Task instructions: Once the line containing "this 600×399 image." is found in the data below, output that line and every line after it through the last, unchanged and with nothing else.

START Exercise data

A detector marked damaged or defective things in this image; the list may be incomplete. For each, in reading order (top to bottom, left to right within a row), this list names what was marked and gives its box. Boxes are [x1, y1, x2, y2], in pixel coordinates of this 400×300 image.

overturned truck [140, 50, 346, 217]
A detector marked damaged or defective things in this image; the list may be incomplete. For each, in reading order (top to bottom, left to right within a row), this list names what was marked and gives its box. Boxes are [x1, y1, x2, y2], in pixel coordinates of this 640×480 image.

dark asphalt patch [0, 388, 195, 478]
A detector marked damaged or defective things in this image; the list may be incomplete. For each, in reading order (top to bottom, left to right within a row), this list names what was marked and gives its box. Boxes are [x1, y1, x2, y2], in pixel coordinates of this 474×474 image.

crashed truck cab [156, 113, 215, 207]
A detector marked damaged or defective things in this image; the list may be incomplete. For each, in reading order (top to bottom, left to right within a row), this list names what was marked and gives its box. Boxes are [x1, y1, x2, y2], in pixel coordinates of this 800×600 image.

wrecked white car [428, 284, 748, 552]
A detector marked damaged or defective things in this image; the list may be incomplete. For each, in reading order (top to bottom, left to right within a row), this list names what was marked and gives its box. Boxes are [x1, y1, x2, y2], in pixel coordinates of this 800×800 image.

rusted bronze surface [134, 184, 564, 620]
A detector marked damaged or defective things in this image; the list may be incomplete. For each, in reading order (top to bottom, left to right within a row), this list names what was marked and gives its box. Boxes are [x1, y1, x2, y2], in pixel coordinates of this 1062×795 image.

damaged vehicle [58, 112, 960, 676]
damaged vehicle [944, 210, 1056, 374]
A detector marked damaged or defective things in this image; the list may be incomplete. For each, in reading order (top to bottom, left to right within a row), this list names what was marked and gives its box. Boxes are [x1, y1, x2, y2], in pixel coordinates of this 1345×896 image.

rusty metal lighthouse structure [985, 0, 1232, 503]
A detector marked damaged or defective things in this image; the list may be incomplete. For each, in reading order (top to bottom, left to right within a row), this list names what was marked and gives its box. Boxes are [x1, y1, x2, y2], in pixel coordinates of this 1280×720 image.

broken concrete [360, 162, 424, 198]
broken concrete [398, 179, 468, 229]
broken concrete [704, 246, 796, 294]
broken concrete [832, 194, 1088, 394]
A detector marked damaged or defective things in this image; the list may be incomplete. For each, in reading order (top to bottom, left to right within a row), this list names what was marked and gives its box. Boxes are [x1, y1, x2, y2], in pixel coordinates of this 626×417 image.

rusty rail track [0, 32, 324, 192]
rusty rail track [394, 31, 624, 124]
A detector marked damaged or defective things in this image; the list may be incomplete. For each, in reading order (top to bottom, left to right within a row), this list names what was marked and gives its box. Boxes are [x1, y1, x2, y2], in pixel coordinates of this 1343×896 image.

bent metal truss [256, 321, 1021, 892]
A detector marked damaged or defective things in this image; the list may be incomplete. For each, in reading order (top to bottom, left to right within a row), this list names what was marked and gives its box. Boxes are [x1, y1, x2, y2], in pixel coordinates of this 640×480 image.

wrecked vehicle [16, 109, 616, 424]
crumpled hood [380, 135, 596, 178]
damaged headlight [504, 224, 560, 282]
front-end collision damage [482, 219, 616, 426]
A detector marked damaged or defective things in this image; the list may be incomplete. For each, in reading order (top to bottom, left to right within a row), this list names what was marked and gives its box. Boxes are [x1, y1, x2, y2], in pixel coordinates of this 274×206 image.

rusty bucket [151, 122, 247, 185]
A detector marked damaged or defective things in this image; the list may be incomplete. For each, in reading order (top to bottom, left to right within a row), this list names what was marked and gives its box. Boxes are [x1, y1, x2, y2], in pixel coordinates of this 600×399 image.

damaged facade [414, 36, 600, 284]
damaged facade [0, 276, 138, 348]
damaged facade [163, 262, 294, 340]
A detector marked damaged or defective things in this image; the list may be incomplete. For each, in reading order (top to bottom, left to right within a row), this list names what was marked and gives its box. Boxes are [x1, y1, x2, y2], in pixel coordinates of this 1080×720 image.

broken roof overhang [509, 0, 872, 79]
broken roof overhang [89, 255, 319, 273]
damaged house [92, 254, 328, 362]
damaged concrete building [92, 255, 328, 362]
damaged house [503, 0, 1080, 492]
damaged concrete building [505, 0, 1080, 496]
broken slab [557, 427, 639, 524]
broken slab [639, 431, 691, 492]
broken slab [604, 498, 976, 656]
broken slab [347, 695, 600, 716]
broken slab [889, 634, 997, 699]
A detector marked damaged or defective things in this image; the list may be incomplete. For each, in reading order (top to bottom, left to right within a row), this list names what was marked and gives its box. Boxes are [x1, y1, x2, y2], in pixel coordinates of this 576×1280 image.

END Exercise data

Reply to the task:
A detector marked damaged or defective things in this image; the list may be incomplete. For each, in reading order (top to bottom, left to right within a row), this list names what was marked and gives its box. Boxes are [x1, y1, x2, y2], in pixel coordinates of this 600×399 image.

damaged facade [414, 36, 600, 284]
damaged facade [0, 276, 138, 348]
damaged facade [163, 262, 294, 340]
A detector marked damaged or defective things in this image; the list may be incomplete. For each, in reading order (top to bottom, left to right within a row), this list names what was marked and gives its box. Boxes are [x1, y1, x2, y2], in pixel coordinates of this 1080×720 image.

broken roof overhang [509, 0, 872, 79]
broken roof overhang [89, 255, 319, 273]
damaged house [92, 254, 328, 362]
damaged concrete building [92, 255, 328, 362]
damaged house [503, 0, 1080, 492]
damaged concrete building [505, 0, 1080, 496]
broken slab [557, 427, 639, 524]
broken slab [639, 431, 691, 492]
broken slab [604, 498, 976, 656]
broken slab [347, 695, 600, 716]
broken slab [889, 634, 997, 699]
A detector marked damaged or defective things in this image; the list may be incomplete. For each, in reading order (top to bottom, left to right within a row), this list names what was marked and gives its box. Boxes are [x1, y1, x2, y2], in pixel coordinates of this 576×1280 image.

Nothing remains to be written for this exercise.